**** DATA IN THIS EXERCISE ****
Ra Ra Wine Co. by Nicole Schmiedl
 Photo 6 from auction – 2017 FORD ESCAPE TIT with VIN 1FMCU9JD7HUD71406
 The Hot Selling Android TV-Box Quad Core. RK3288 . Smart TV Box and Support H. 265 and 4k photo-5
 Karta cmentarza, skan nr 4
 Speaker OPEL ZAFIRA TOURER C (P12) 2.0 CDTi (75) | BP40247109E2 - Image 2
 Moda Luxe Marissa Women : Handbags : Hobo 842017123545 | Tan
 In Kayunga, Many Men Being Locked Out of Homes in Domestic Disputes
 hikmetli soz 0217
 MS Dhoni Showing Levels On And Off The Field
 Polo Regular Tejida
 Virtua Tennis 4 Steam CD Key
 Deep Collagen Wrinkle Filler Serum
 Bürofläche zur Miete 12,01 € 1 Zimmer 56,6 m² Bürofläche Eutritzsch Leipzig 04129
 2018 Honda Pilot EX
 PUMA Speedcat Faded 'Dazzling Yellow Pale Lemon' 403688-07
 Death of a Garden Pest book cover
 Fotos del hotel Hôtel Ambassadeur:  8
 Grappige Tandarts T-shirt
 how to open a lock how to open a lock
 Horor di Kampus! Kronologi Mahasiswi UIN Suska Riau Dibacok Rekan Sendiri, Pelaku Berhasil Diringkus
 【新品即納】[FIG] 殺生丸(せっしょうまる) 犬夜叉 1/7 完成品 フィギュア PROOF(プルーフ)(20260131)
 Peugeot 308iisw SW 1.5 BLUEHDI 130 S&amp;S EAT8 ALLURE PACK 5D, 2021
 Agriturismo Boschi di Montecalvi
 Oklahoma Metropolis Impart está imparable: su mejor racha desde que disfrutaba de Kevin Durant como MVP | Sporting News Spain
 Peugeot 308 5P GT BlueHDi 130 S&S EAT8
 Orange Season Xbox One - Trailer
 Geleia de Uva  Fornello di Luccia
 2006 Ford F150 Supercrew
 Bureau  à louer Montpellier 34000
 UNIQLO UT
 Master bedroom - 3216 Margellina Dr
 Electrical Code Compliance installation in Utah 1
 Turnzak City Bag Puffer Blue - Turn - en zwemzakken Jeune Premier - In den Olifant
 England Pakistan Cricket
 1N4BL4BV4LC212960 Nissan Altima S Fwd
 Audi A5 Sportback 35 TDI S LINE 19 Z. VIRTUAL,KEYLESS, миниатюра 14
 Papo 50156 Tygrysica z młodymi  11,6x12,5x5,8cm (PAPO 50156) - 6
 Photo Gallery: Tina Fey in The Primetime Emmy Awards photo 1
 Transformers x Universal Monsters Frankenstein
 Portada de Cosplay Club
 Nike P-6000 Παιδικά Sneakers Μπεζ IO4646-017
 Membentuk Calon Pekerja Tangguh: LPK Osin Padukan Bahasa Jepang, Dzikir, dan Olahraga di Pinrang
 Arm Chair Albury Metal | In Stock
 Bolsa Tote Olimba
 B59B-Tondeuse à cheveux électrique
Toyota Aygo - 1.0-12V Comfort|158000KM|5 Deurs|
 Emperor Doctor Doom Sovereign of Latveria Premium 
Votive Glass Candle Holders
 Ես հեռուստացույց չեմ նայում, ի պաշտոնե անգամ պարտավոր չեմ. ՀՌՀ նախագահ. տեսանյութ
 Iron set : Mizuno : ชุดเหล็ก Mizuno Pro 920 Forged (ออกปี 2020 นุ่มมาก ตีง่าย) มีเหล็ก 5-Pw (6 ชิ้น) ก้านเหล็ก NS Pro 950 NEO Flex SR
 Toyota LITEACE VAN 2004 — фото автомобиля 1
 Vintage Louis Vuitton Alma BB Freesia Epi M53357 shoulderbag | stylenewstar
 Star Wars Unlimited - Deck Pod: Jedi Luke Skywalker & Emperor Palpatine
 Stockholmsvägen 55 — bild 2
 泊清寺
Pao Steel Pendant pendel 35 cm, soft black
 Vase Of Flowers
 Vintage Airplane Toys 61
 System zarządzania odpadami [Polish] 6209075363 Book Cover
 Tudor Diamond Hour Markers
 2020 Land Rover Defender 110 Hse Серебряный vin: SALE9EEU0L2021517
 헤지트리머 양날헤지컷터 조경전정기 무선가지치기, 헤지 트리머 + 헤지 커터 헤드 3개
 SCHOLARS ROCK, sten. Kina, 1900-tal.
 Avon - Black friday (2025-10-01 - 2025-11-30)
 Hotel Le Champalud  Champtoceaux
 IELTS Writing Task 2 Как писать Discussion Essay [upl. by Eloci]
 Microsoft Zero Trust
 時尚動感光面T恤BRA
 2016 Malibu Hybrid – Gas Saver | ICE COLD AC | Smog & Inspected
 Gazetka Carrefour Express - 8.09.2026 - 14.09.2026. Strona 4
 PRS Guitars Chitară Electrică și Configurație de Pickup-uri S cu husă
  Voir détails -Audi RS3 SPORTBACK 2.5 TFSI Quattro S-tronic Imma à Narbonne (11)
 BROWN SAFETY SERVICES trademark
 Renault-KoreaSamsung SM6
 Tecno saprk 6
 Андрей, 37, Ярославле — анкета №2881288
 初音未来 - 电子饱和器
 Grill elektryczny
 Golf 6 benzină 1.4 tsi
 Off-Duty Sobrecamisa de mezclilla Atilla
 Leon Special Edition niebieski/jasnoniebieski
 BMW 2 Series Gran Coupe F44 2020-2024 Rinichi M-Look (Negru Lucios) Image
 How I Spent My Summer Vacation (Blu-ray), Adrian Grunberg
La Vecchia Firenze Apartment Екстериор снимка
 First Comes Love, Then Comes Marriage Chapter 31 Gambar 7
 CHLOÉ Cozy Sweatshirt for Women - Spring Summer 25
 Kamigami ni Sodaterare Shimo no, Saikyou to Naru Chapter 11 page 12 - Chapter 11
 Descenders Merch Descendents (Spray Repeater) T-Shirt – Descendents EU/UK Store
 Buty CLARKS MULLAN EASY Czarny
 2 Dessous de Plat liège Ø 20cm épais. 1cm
****
**EXERCISE OBJECTIVE**
Given the records above, return exactly the lines starting at the line containing "Horor di Kampus!" and ending at the line containing "Audi A5 Sportback", including both.

**RESULT OF THE TASK**
 Horor di Kampus! Kronologi Mahasiswi UIN Suska Riau Dibacok Rekan Sendiri, Pelaku Berhasil Diringkus
 【新品即納】[FIG] 殺生丸(せっしょうまる) 犬夜叉 1/7 完成品 フィギュア PROOF(プルーフ)(20260131)
 Peugeot 308iisw SW 1.5 BLUEHDI 130 S&amp;S EAT8 ALLURE PACK 5D, 2021
 Agriturismo Boschi di Montecalvi
 Oklahoma Metropolis Impart está imparable: su mejor racha desde que disfrutaba de Kevin Durant como MVP | Sporting News Spain
 Peugeot 308 5P GT BlueHDi 130 S&S EAT8
 Orange Season Xbox One - Trailer
 Geleia de Uva  Fornello di Luccia
 2006 Ford F150 Supercrew
 Bureau  à louer Montpellier 34000
 UNIQLO UT
 Master bedroom - 3216 Margellina Dr
 Electrical Code Compliance installation in Utah 1
 Turnzak City Bag Puffer Blue - Turn - en zwemzakken Jeune Premier - In den Olifant
 England Pakistan Cricket
 1N4BL4BV4LC212960 Nissan Altima S Fwd
 Audi A5 Sportback 35 TDI S LINE 19 Z. VIRTUAL,KEYLESS, миниатюра 14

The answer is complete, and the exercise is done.